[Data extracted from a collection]

◇ ◇ ◇

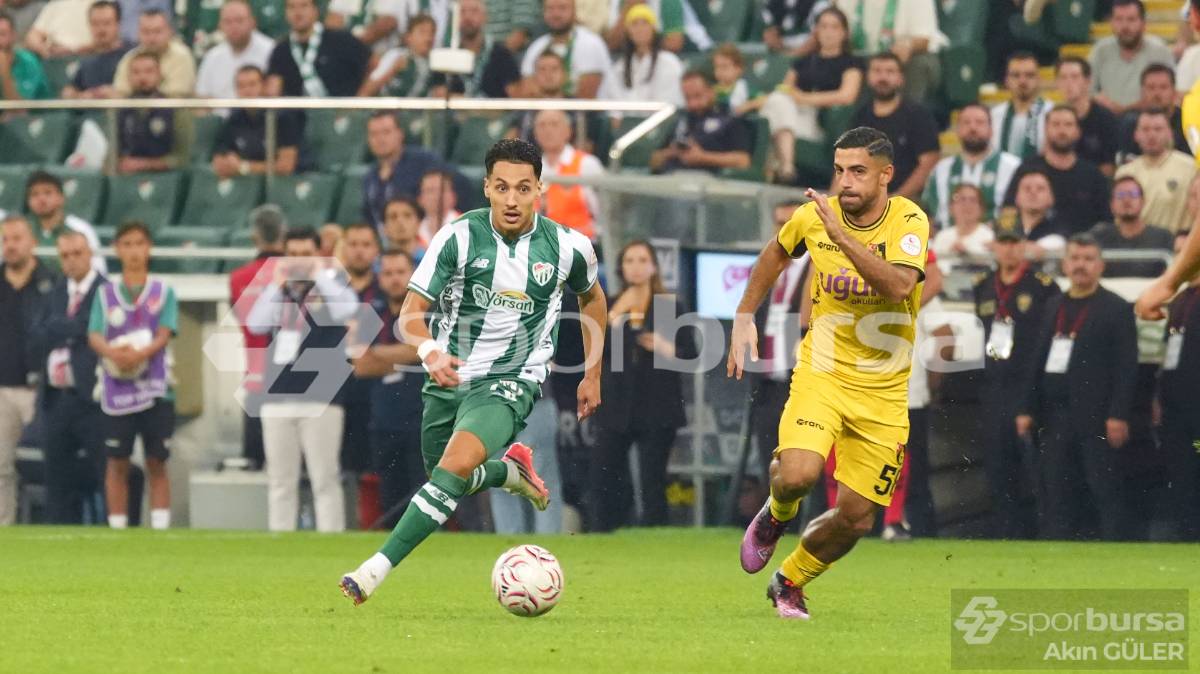 BURSASPOR - İSTANBULSPOR MAÇI FOTOĞRAFLARI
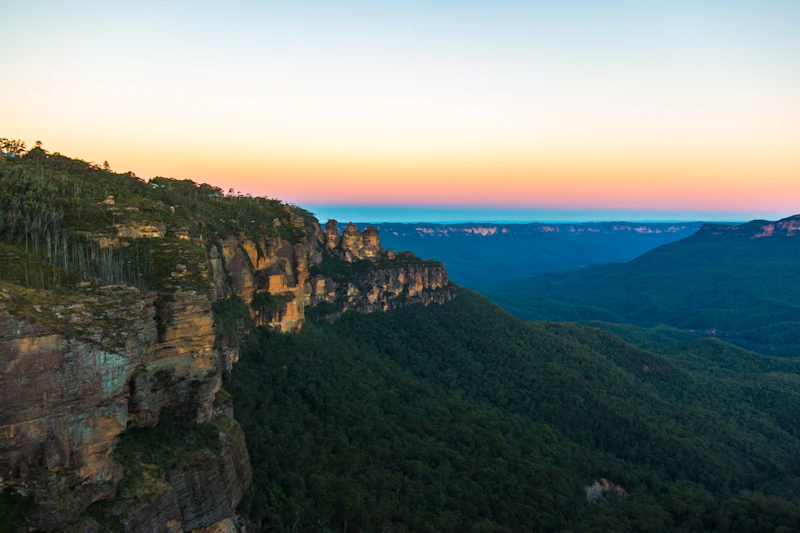 Three Sisters rock formation Echo Point Blue Mountains
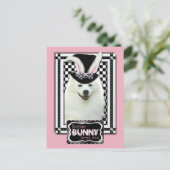 Pasen - Één of ander Konijntje houdt van u - Eskie Feestdagenkaart (Staand voorkant)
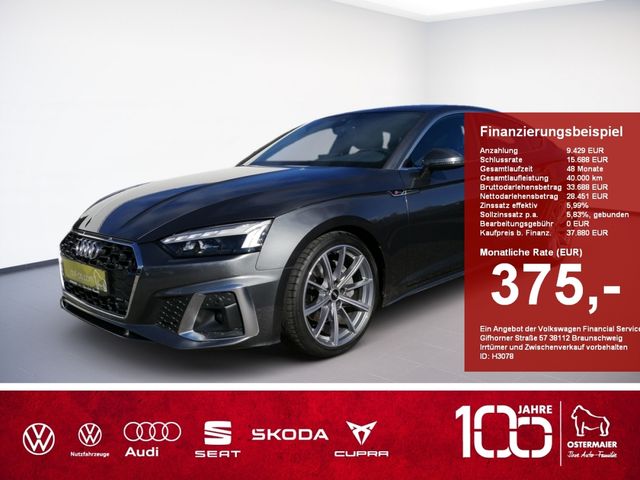 Audi A5 Sportback S-LINE 40TFSI 204PS.STRONIC.MATRIX.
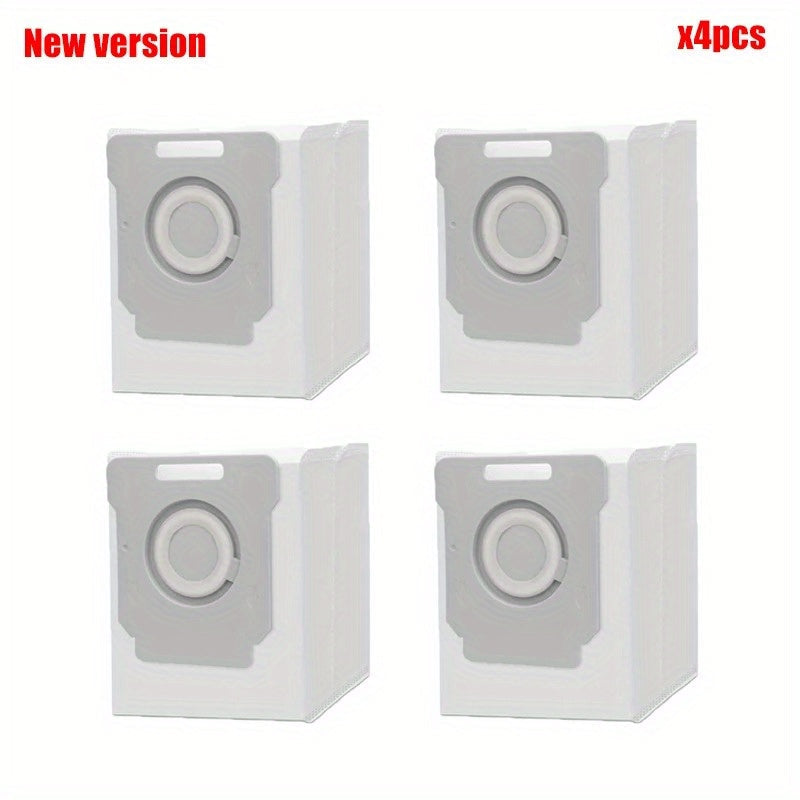 4-Pack Cloth Replacement Vacuum Bags for Pet Dander Dust Auto-Seal Collar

◇ ◇ ◇

* **Work instruction**
Please reproduce every entry above exactly, but leave out the pictures.

* **The completed task**
 BURSASPOR - İSTANBULSPOR MAÇI FOTOĞRAFLARI
 Three Sisters rock formation Echo Point Blue Mountains
 Pasen - Één of ander Konijntje houdt van u - Eskie Feestdagenkaart (Staand voorkant)
 Audi A5 Sportback S-LINE 40TFSI 204PS.STRONIC.MATRIX.
 4-Pack Cloth Replacement Vacuum Bags for Pet Dander Dust Auto-Seal Collar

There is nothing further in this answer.